[TASK] The reply should hold only the lines from the one with "HOLIDYOYO 3piezas Cazo" to the one with "WhatsApp customer information, sales", both ends kept, exactly as they appear below, without any pictures.

[RECORD SET]
---

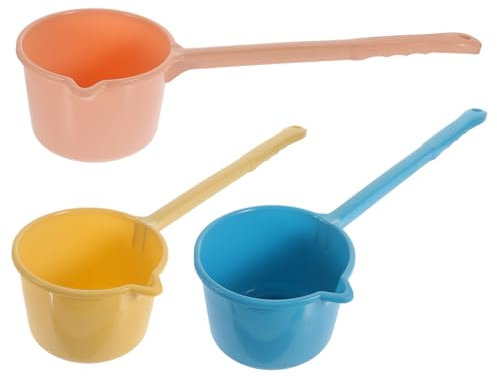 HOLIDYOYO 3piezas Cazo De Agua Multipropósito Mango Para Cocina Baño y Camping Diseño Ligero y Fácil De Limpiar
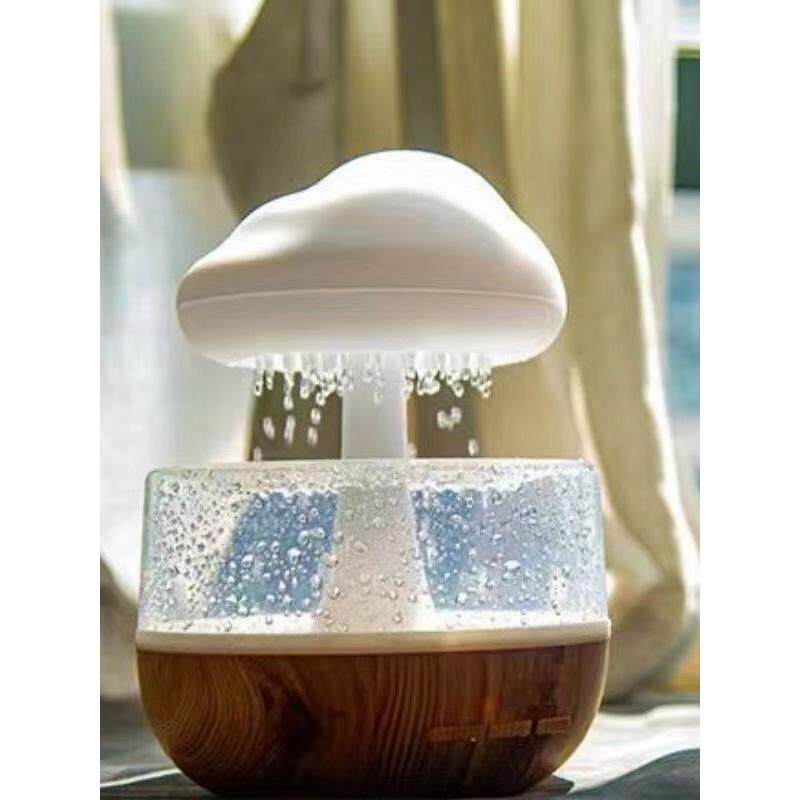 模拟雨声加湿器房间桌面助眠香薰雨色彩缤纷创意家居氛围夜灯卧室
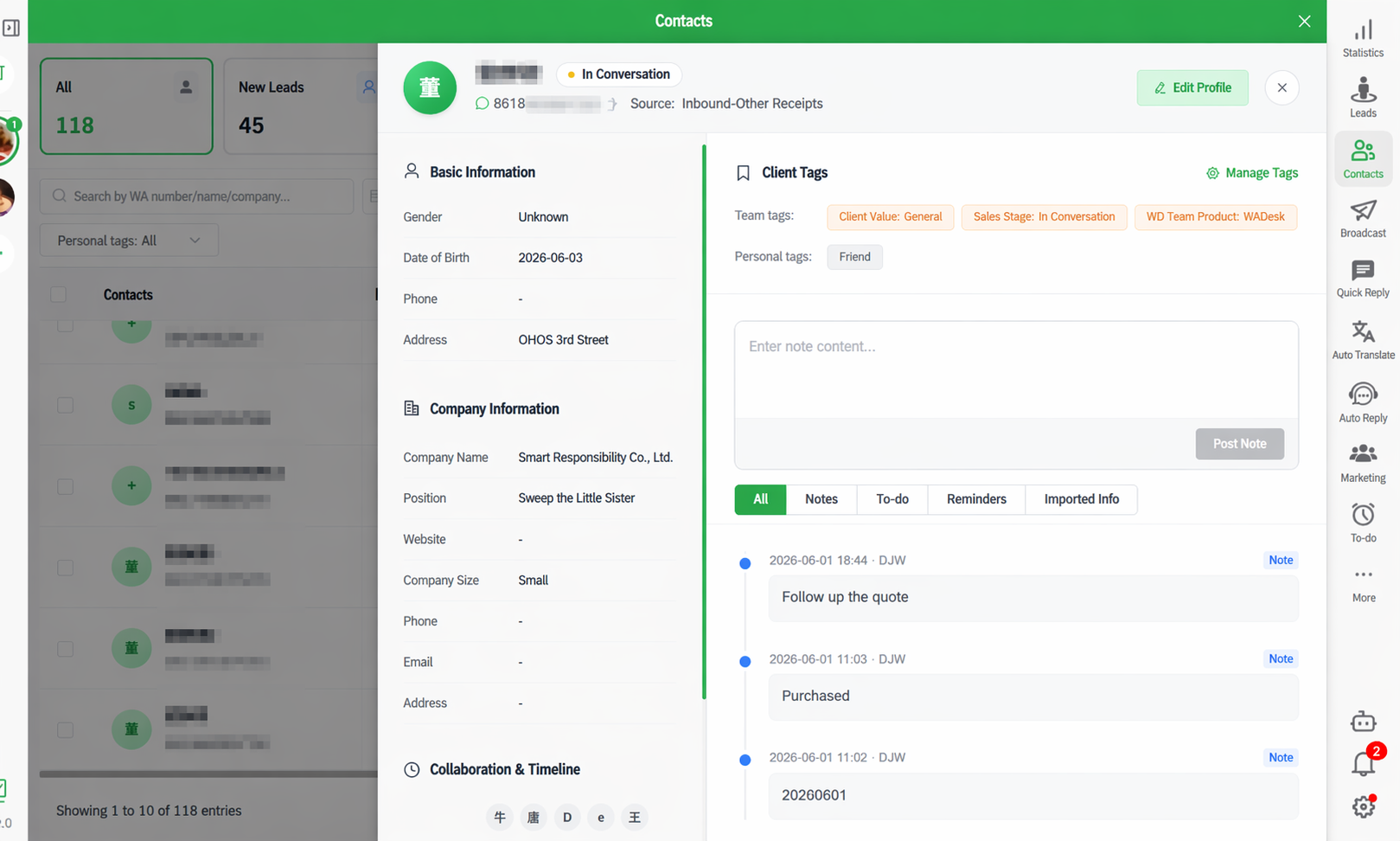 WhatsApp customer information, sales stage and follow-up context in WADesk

---

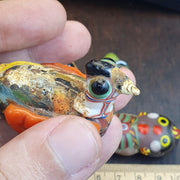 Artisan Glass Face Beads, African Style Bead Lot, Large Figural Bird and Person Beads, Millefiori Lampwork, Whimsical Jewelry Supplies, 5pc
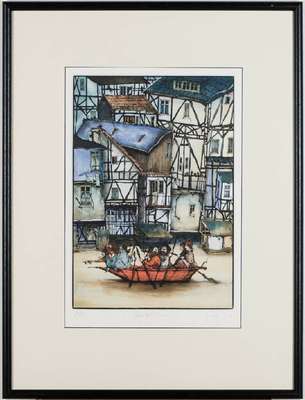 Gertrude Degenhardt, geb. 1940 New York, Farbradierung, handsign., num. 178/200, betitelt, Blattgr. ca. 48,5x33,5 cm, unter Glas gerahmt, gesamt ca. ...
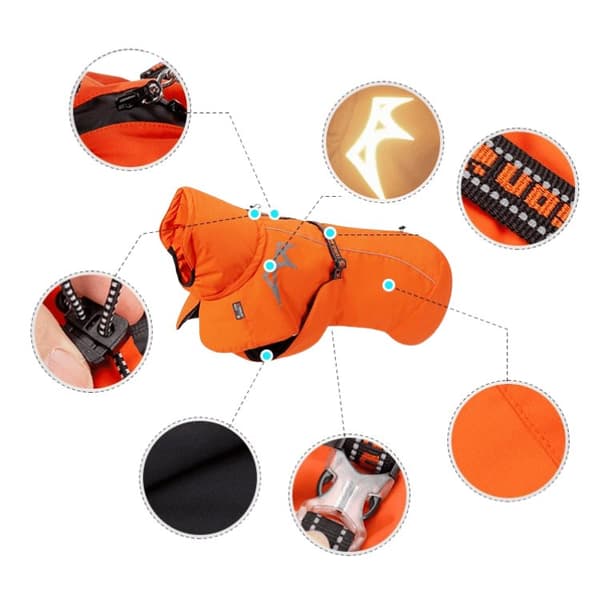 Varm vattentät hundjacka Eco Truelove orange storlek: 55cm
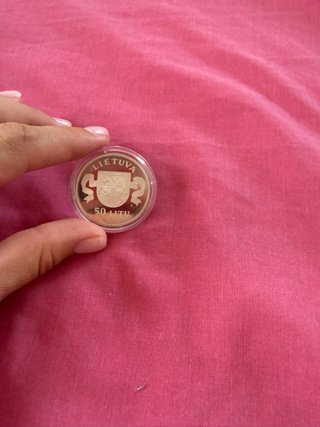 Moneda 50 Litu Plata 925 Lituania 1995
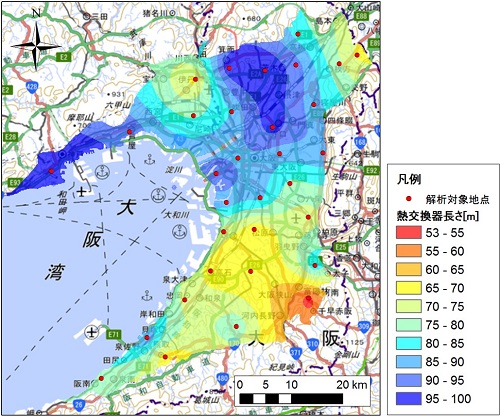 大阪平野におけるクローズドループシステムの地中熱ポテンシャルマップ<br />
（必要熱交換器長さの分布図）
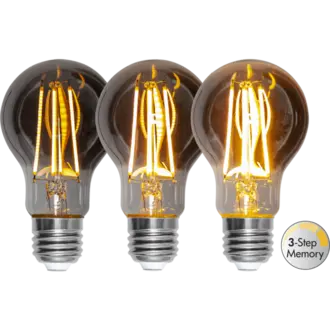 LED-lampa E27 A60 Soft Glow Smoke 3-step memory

---

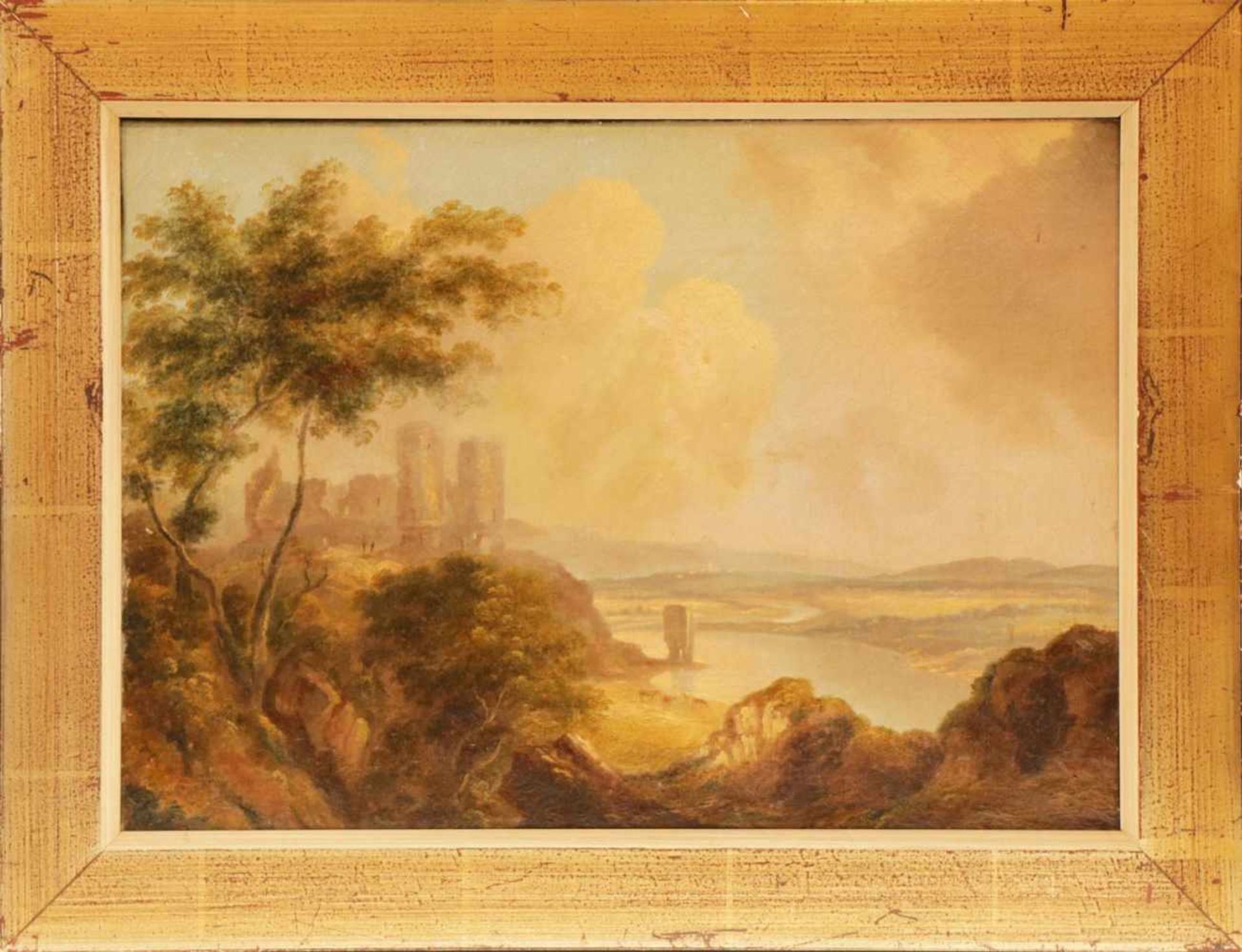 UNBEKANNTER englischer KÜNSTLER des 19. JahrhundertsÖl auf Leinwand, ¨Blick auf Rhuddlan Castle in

---

[EXERCISE ANSWER]
 HOLIDYOYO 3piezas Cazo De Agua Multipropósito Mango Para Cocina Baño y Camping Diseño Ligero y Fácil De Limpiar
 模拟雨声加湿器房间桌面助眠香薰雨色彩缤纷创意家居氛围夜灯卧室
 WhatsApp customer information, sales stage and follow-up context in WADesk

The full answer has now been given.